Sua ligação com a repressão fez com que o industrial se tornasse o número um da lista de alvos dos militantes, seguido pelos também empresários Peri Igel e Sebastião Camargo. A merecida má fama fez com que Boilesen fosse assassinado por um grupo esquerdista na mesma Alameda Casa Branca onde, dois anos mais cedo, morreu o militante comunista Carlos Marighella, surpreendido por agentes do DOPS que estavam sob a chefia do delegado Sérgio Paranhos Fleury, amigo pessoal do empresário dinamarquês.
Depoimentos
Para dar suporte à narrativa dos tortuosos caminhos da biografia de Boilesen, o documentário conta com o depoimento de personalidades significativas quando o tema é a ditadura, como ex-guerrilheiros, políticos, policiais e até o filho do empresário. Um exemplo a ser lembrado é o militar reformado Carlos Brilhante Ustra, que esteve no comando do DOI-CODI na década de 70. Porém, é de se duvidar que o discurso seja realmente de autoria própria, pois Ustra é o único entrevistado que lê o tempo todo.
Outro depoente que participa do filme é o ex-presidente Fernando Henrique Cardoso. Abusando da segunda pessoa do plural, FHC articulou seu discurso de forma que se polarizasse a ditadura entre “o lado de cá e o lado de lá”, o dos esquerdistas oprimidos e o dos militares agressores. Não foi essa, no entanto, a intenção do diretor Litewski, que conseguiu fugir do padrão corriqueiro da maioria das obras artísticas sobre a ditadura. “Não partimos de conceitos predeterminados. Os diferentes pontos de vista foram articulados e respeitados”, explicou Litewski em entrevista concedida ao “Jornal do Brasil”. Vale lembrar que FHC nunca fez parte de lutas armadas, e se auto-exilou no período militar por entender que sua liberdade profissional como professor estava comprometida.
Há depoimentos também de perseguidos políticos da época se posicionando, obviamente, contra o então presidente a Ultragas. Porém, Litewski sabiamente não os coloca em posição de vítimas inconsoláveis, não apelando para descrições de cenas de torturas ou closes em cicatrizes. Em vez disso, o filme mostra o que não é sabido, ou pelo menos o que é menos comentado, sobre os esquerdistas da ditadura, como a articulação do assassinato de Boilesen e a comemoração pela morte de algum representante da direita.
O único que defende Boilesen no documentário é seu filho mais velho. Ele vê como barbárie o assassinato do empresário e o defende veementemente, afirmando que as acusações que pesam sobre o pai são absurdas.

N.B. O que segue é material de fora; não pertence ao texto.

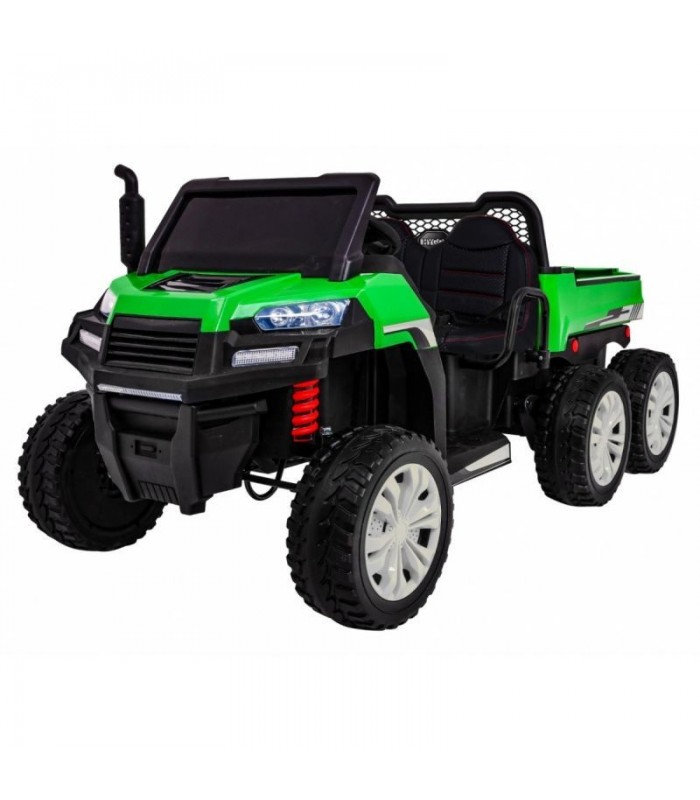 Camion électrique 2 places 2 x 12V A730 Vert - Jaune - Pack Evo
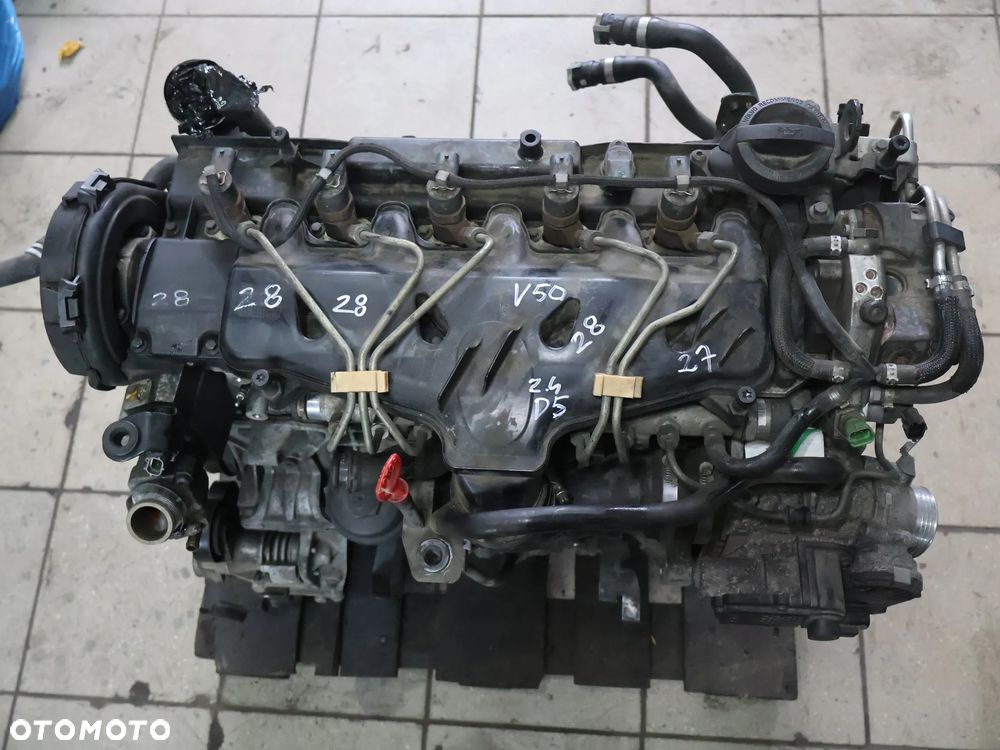 VOLVO V50 S40 C30 C70 SILNIK 2.4 D5 D5244T 180KM KOMPLET 05-13R 188TYS KM POMIAR GWARANCJA - 1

(Reprodução) 15 de abril de 1971: Sobre o corpo, panfletos com a ameaça: ''Como ele, existem muitos outros e sabemos quem são. Olho por olho, dente por dente''
(Reprodução) 15 de abril de 1971: Sobre o corpo, panfletos com a ameaça: ''Como ele, existem muitos outros e sabemos quem são. Olho por olho, dente por dente''
Presidente do Fórum Permanente dos Ex-perseguidos de São Paulo, Luis Cardoso, depois de assistir ao filme exibido na Faculdade Cásper Líbero, em São Paulo, no último dia 20, explica esse ponto: “Eles [militares] praticaram isso [agressão] com muito mais violência que nós, mas patrocinados pelo Estado. […] Muitos companheiros foram mortos de forma muito mais brutal do que o assassinado do Boilesen, que eles tanto condenam”. Cardoso também acusa o presidente Lula de apontar a anistia como esquecimento e superação da ditadura, e crítica: “Para nós, que sofremos toda a tortura, a anistia não é esquecimento nenhum”.